— Listed entries —
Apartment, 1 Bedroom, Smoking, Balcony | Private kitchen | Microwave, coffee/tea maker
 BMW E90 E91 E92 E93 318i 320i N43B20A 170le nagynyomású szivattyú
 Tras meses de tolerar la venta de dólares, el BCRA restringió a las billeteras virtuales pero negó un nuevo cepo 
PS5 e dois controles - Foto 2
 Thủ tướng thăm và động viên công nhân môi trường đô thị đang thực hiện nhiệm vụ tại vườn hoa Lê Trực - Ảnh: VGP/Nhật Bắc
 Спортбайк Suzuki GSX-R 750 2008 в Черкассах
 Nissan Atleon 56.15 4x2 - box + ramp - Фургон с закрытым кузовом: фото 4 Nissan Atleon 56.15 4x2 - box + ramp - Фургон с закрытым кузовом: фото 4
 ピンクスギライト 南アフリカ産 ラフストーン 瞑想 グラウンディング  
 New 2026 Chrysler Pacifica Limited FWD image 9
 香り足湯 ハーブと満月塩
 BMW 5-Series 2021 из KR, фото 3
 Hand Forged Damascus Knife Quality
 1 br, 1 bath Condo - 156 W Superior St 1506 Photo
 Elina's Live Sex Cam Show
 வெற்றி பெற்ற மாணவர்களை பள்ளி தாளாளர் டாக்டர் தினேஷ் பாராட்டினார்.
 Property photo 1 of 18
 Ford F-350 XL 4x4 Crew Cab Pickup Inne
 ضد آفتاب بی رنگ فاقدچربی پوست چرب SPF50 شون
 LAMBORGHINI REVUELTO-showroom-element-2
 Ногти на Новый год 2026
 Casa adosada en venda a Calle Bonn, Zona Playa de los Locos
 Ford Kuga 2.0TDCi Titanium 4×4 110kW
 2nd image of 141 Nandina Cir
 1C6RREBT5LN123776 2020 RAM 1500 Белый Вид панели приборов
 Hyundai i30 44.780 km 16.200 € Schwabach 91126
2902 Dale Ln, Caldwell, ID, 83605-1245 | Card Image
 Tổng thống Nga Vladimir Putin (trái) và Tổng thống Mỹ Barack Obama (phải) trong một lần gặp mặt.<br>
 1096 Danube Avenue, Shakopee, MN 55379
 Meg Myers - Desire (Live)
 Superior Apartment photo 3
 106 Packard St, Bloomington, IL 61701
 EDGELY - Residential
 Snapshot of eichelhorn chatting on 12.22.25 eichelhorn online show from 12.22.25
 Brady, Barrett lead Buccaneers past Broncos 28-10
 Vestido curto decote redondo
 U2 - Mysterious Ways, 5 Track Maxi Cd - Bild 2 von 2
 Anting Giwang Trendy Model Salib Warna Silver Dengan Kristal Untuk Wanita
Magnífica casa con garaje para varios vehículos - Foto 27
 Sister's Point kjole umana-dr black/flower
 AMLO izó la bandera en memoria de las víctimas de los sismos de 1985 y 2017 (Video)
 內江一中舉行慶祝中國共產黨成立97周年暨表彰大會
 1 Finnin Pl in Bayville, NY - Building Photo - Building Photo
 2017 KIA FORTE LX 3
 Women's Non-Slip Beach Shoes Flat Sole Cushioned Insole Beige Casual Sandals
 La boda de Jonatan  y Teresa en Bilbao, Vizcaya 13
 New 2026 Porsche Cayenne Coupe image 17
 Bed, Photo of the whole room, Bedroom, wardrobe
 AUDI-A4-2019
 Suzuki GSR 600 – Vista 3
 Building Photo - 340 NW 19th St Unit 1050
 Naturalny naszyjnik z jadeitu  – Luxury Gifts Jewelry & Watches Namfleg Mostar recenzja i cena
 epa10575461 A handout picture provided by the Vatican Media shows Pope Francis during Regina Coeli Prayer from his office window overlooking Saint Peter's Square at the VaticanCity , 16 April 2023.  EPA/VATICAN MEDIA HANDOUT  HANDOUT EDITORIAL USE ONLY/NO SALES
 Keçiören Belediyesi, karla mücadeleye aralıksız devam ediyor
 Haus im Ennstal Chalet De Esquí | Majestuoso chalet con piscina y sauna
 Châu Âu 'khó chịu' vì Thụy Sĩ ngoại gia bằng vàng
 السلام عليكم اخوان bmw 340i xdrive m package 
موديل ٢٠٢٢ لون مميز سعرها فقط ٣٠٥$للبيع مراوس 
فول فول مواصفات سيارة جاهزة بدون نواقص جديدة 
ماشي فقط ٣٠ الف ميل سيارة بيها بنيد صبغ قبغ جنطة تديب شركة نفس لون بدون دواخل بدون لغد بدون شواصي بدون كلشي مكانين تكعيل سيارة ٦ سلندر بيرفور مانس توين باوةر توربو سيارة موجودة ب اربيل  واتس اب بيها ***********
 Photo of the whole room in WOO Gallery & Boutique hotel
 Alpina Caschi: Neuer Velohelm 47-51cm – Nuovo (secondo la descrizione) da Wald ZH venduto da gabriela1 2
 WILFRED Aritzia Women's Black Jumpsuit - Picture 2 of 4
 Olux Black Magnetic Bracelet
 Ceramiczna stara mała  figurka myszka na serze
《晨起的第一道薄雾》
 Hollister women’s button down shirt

— Work to complete —
The response must repeat exactly the lines from the top of the material through the line containing "Casa adosada en", both included, with no other output.

— Task response —
Apartment, 1 Bedroom, Smoking, Balcony | Private kitchen | Microwave, coffee/tea maker
 BMW E90 E91 E92 E93 318i 320i N43B20A 170le nagynyomású szivattyú
 Tras meses de tolerar la venta de dólares, el BCRA restringió a las billeteras virtuales pero negó un nuevo cepo 
PS5 e dois controles - Foto 2
 Thủ tướng thăm và động viên công nhân môi trường đô thị đang thực hiện nhiệm vụ tại vườn hoa Lê Trực - Ảnh: VGP/Nhật Bắc
 Спортбайк Suzuki GSX-R 750 2008 в Черкассах
 Nissan Atleon 56.15 4x2 - box + ramp - Фургон с закрытым кузовом: фото 4 Nissan Atleon 56.15 4x2 - box + ramp - Фургон с закрытым кузовом: фото 4
 ピンクスギライト 南アフリカ産 ラフストーン 瞑想 グラウンディング  
 New 2026 Chrysler Pacifica Limited FWD image 9
 香り足湯 ハーブと満月塩
 BMW 5-Series 2021 из KR, фото 3
 Hand Forged Damascus Knife Quality
 1 br, 1 bath Condo - 156 W Superior St 1506 Photo
 Elina's Live Sex Cam Show
 வெற்றி பெற்ற மாணவர்களை பள்ளி தாளாளர் டாக்டர் தினேஷ் பாராட்டினார்.
 Property photo 1 of 18
 Ford F-350 XL 4x4 Crew Cab Pickup Inne
 ضد آفتاب بی رنگ فاقدچربی پوست چرب SPF50 شون
 LAMBORGHINI REVUELTO-showroom-element-2
 Ногти на Новый год 2026
 Casa adosada en venda a Calle Bonn, Zona Playa de los Locos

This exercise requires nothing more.